THE SOWER AND THE SEED

‘A sower went out to sow his seed.’

Luke 8:5

The principle of moral and spiritual life in you is a seed, and as such it is endowed with a power of independent separate growth; it was intended to grow in you. This mysterious growth in the thing sown implies a mysterious vital power or force which is inherent in it.

I. All life a mystery.—I call it a mysterious vital power, because all life is a mystery to us. The very thought of life lands us in mystery, in mystery which defies analysis. We know that all the life in us and around us follows certain laws, as we call them, the life of plants, the life of animals, the life of man, each following its own laws after its kind, and that is all we know about it. We can observe its action, its uniformities, its sequences, and variations, but beyond this we cannot penetrate its secret. It grows mysteriously, we know not how.

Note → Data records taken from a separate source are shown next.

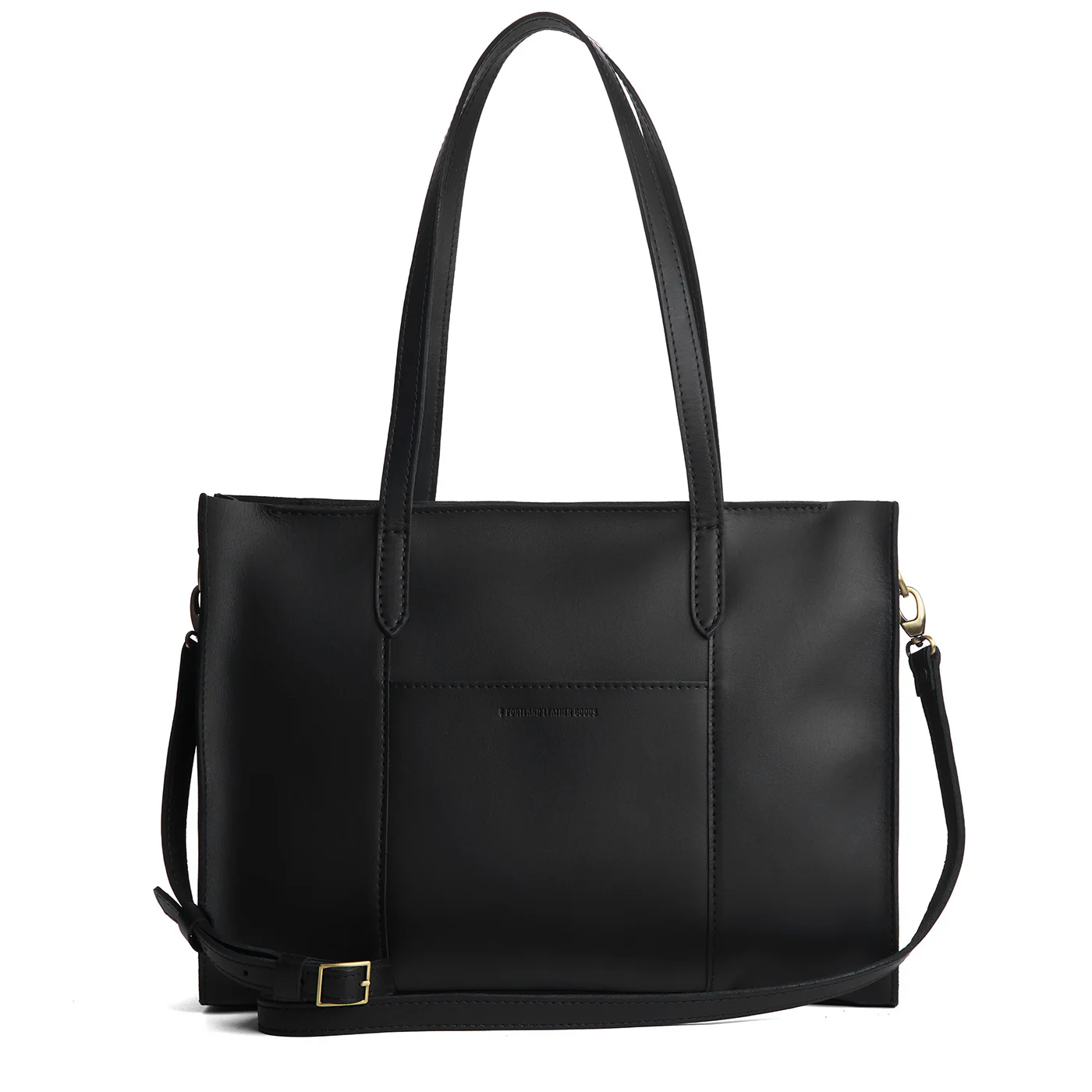 'Almost Perfect' Large Lola Zipper Crossbody Tote - Image 187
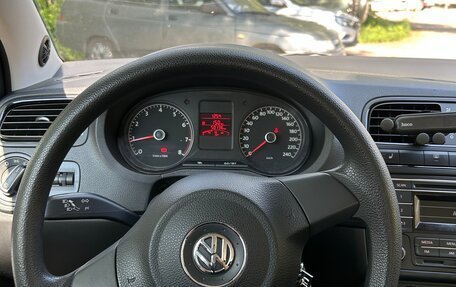 Volkswagen Polo VI (EU Market), 2014 год, 999 999 рублей, 5 фотография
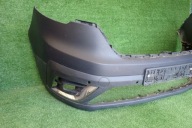 RENAULT TRAFIC III LIFT 21- front bumper front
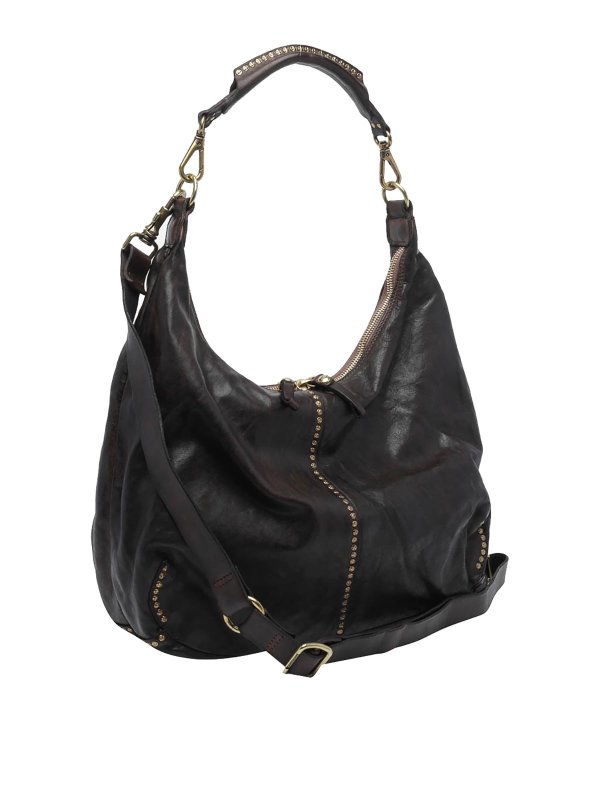 CAMPOMAGGI: shoulder bags online - Wanda Shoulder Bag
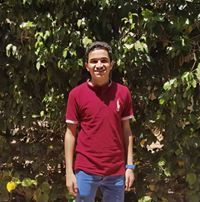 David Maged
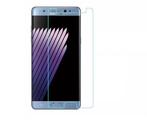 Samsung Galaxy Note 7 Tempered Glass Screenprotector Anti-Bu, Nieuw, Verzenden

II. The new birth.—Yet again, the scientific investigator points out another suggestive fact, that the lower creature does not of its own lower nature expand into the higher, but that life is lifted up and grows by the infusion of something higher than itself. So, too, we believe that the Spirit of God touches with its mysterious power the dead souls of men; it transforms them, it uplifts them, they are born again. Such is the Christian doctrine of the new birth, or of the life-giving breath of the Spirit, or of the sowing the seed of Divine life in us.

III. This seed of new life which is to save you from the power of sin and the flesh and give you new aspirations, purer tastes, stronger purposes, need I remind you how it is sown, in what manifold and various ways? One day it falls on your heart in some word of some hymn or prayer, or in some thought or feeling which flashes through you, or some pricking of conscience for no other knows what sin or fault, or in some new resolve. Sometimes it is found that a passing word of a preacher sows it (it is in this hope I preach to you), or again it is sown in the common ways of daily life, by the reading of some book, or by the word or example of a friend, or by some casual sight or experience. The wind bloweth where it listeth—so is every one that is born of the Spirit. You never know what Divine seed it may deposit in your heart at any moment; but this you do know, that if the word of Christ be true, whenever this gift of life comes to you it is a new birth.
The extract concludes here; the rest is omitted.